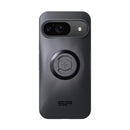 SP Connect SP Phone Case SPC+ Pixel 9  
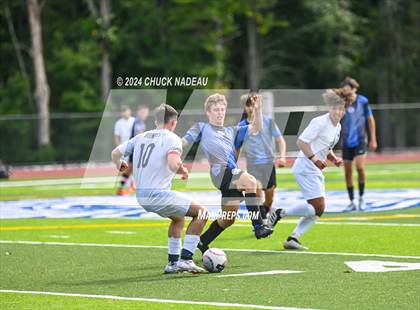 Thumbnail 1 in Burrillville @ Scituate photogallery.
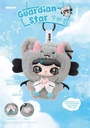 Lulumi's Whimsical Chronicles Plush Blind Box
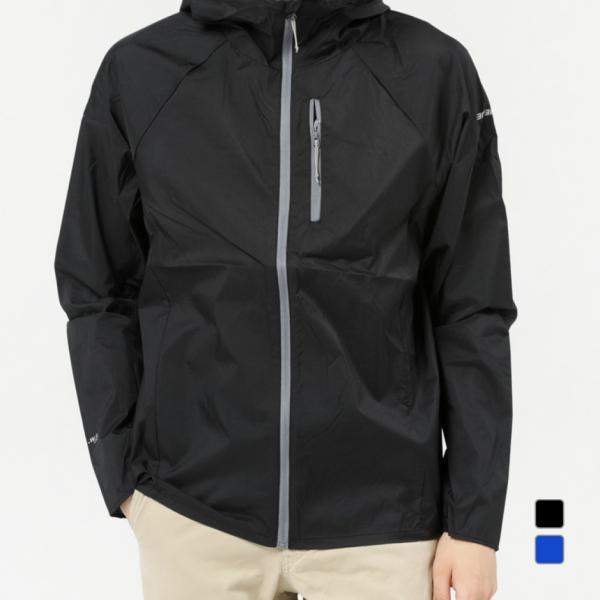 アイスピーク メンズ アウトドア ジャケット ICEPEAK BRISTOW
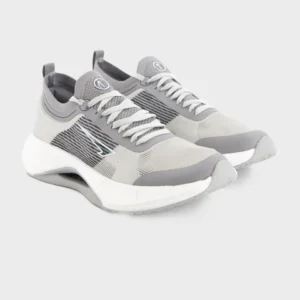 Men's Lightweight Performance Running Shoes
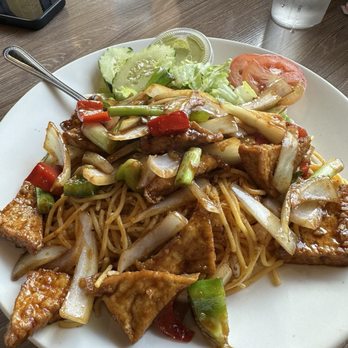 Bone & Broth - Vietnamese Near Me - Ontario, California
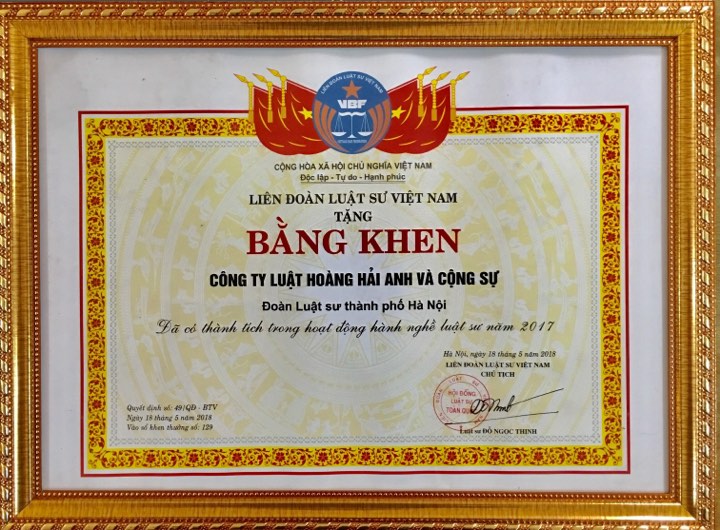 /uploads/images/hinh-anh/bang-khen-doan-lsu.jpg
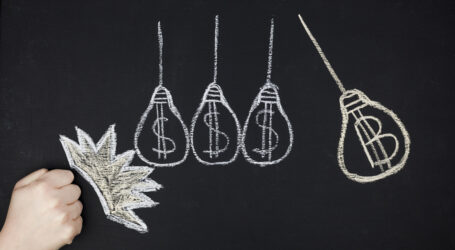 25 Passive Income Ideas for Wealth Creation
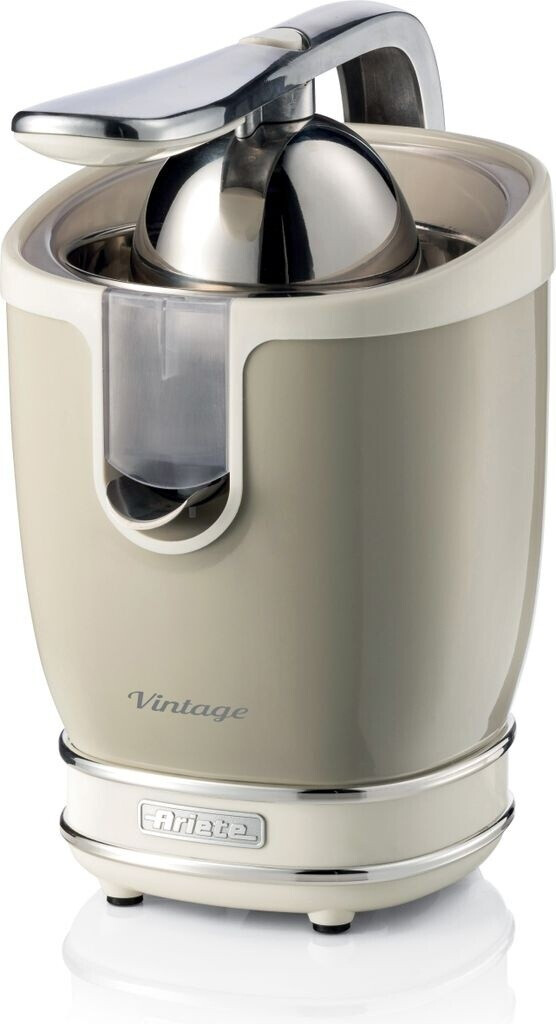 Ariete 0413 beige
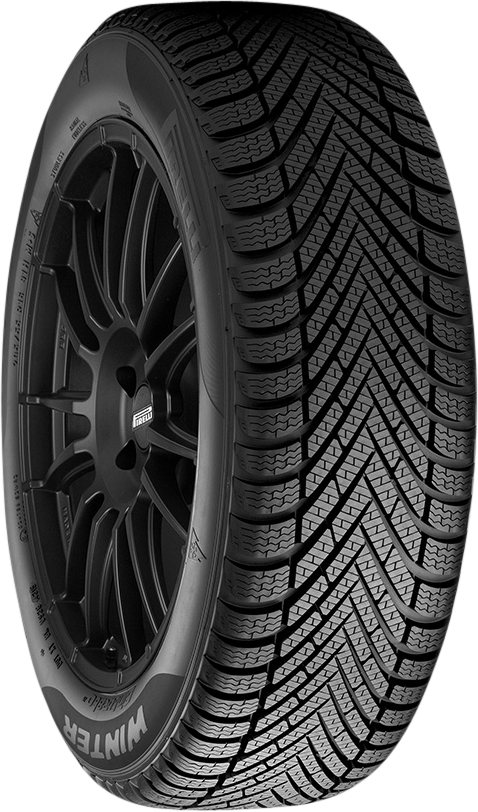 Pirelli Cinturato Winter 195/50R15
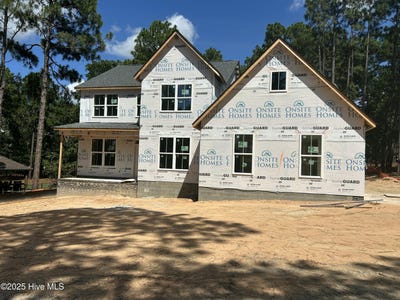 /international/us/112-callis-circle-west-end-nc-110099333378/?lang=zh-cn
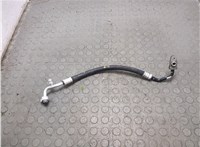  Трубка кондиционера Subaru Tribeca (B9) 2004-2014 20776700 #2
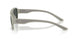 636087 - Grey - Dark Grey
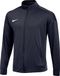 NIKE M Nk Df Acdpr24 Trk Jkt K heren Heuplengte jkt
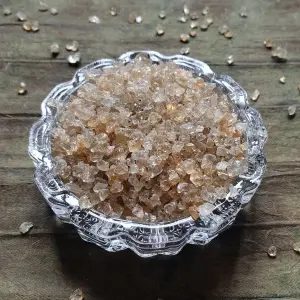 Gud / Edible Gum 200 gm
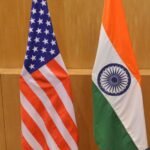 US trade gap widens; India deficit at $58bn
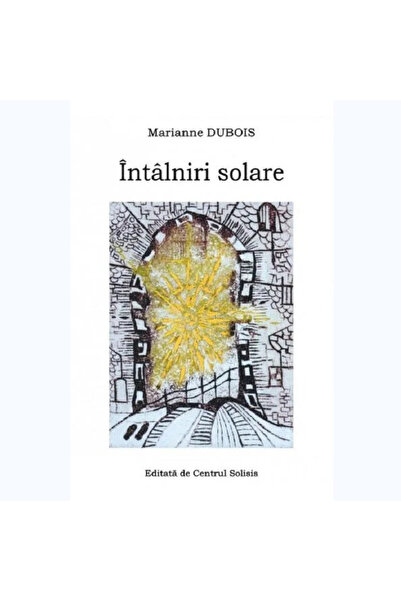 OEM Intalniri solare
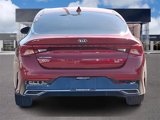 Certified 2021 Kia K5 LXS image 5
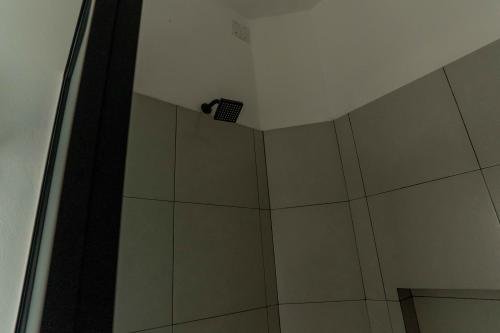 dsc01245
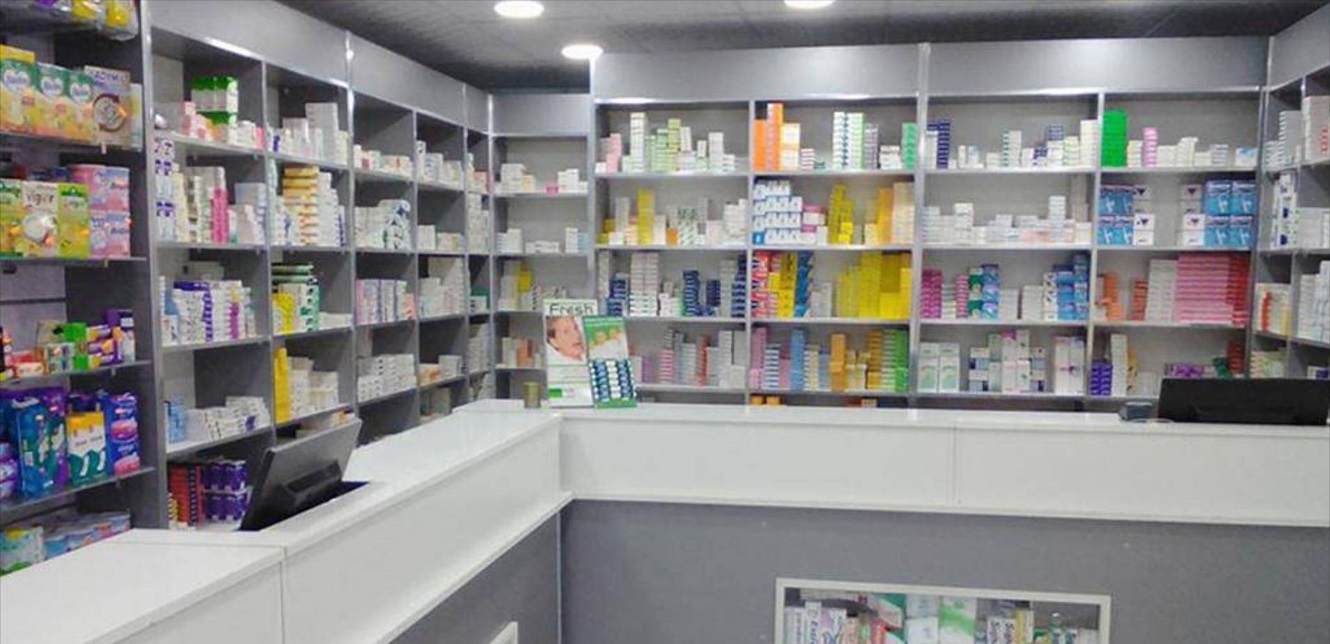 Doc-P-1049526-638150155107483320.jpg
--- --- ---
#### [What to do]
Restate, word for word and without pictures, the lines from the line containing "Pirelli Cinturato Winter 195/50R15" to the last line of the records above.

#### [Written reply]
 Pirelli Cinturato Winter 195/50R15
 /international/us/112-callis-circle-west-end-nc-110099333378/?lang=zh-cn
  Трубка кондиционера Subaru Tribeca (B9) 2004-2014 20776700 #2
 636087 - Grey - Dark Grey
 NIKE M Nk Df Acdpr24 Trk Jkt K heren Heuplengte jkt
 Gud / Edible Gum 200 gm
 US trade gap widens; India deficit at $58bn
 OEM Intalniri solare
 Certified 2021 Kia K5 LXS image 5
 dsc01245
 Doc-P-1049526-638150155107483320.jpg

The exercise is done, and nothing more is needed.